JamesChain
Member
- Location
- Los Angeles
- Occupation
- Electrician
I have a job installing new luminaires on 17 light poles in a city park and installing new in-ground wiring to the poles. The new luminaires are LED with a listed current draw of 520 milliamps each, with universal power supplies listed at 120v-277v. The city also wants to place an approximately 8 amp, 120v gate operator at the end of the conduit line feeding the poles from the panel, using the same wiring as the light poles. The conduit run is approximately 1200' long. Their design shows the system wired with 5 #2 conductors: 2 hots, 2 neutrals, one ground. The design is for all luminaires to run at 120v, with 7 of the light poles and the 8 amp 120v load on one 20A single pole breaker, and the other 10 light poles on another 20A single pole breaker.
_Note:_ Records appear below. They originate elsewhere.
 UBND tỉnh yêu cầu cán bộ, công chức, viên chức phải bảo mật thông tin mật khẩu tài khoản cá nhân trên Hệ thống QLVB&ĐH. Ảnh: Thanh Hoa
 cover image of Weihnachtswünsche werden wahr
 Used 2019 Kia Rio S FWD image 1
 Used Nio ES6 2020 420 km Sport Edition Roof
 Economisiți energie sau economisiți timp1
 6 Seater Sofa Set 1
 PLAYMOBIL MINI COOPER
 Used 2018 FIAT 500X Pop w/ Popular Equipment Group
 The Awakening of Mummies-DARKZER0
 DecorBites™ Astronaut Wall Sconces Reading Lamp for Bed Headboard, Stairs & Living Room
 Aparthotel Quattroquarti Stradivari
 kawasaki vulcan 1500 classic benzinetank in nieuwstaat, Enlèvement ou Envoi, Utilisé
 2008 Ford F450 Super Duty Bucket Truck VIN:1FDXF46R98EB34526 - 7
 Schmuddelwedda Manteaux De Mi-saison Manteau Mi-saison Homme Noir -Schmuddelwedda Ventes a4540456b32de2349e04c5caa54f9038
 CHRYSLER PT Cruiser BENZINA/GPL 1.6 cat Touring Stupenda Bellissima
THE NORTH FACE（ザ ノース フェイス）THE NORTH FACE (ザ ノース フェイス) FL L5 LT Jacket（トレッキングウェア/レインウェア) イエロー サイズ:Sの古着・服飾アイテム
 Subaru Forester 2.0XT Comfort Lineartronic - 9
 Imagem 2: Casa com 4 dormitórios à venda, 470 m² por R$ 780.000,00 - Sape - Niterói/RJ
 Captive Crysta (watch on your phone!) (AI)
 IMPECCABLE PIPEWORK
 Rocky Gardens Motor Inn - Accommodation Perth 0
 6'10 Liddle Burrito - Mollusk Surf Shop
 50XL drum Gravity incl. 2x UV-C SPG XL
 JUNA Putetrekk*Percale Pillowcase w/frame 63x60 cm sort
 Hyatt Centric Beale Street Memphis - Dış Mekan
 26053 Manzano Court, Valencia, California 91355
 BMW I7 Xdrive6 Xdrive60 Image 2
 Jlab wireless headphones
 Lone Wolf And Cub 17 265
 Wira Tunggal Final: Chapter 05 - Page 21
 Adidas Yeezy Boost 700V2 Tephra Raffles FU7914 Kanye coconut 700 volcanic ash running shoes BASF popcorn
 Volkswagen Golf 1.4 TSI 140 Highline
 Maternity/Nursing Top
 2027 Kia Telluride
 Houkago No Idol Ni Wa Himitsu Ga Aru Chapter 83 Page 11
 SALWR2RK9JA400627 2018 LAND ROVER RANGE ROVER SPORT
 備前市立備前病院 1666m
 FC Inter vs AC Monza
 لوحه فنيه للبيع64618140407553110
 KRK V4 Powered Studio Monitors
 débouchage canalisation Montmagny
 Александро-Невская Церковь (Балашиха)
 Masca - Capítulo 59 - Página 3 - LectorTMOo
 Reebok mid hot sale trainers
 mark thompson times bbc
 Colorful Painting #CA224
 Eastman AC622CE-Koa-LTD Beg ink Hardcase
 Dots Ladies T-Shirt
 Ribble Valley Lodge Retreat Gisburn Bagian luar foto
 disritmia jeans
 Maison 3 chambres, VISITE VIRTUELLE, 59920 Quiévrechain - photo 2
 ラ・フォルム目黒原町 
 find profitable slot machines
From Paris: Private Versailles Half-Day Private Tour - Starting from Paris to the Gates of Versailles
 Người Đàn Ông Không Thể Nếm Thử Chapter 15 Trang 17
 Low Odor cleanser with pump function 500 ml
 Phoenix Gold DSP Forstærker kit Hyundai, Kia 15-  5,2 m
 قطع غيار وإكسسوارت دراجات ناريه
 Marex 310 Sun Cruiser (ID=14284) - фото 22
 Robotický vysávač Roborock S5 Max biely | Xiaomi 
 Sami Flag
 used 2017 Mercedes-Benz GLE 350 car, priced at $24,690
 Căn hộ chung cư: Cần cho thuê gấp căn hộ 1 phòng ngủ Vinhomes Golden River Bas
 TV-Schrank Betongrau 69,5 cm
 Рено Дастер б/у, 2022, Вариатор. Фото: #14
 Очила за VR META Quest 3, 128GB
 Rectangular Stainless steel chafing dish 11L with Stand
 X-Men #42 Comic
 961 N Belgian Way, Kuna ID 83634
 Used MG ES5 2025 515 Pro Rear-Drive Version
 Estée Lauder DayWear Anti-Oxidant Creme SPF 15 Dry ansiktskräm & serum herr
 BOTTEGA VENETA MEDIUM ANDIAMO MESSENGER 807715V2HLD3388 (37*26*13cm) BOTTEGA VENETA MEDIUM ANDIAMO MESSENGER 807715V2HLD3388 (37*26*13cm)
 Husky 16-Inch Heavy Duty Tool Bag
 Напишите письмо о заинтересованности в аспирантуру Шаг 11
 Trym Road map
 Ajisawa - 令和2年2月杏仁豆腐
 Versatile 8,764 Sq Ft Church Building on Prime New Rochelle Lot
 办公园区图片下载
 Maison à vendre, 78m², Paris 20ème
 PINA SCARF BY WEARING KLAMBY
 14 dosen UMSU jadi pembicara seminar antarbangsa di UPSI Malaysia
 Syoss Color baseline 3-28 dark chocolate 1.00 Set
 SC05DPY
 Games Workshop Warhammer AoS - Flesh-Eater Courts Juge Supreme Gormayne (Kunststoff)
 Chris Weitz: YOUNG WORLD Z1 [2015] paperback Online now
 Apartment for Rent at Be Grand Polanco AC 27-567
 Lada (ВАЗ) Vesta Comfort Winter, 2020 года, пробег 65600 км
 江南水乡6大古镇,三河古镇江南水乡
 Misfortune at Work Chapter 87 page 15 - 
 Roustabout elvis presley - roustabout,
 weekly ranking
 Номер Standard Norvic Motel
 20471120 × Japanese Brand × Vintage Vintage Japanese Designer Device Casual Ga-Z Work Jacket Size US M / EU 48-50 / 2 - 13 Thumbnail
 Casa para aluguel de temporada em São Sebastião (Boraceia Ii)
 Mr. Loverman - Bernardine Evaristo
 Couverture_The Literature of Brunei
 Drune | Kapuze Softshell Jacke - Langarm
The final piece of the puzzle is the light poles are pre-wired with #10 solid THHN/THWN and have in-line fuses at the base of the poles which then will tap into the main #2 lines in an in-ground hand hole next to each light pole. Seems reasonable. The problem is the existing conduit is old and only had 4 conductors originally (no ground). Pulling the old wire out was pretty difficult in a couple of the segments even with our 8000# tugger, so I would like to keep the diameter of the new wire bundle we pull in about the same as the old one if possible. Is there any reason this setup would not work as a 240/120v 4 wire multi wire branch circuit (3 wires plus ground)? The 17 luminaries would all run at 240, and the neutral would only be used for the 120v operator at the end of the line. Instead of 2 single pole breakers, there would be one 240v 2pole breaker. It seems like this should meet code, but I'm always confused as to why NEC 210.4.C says "line to neutral loads only" but then has exception #2, which seems to say the same thing as 210.4.B. Any help from you smarter people is greatly appreciated!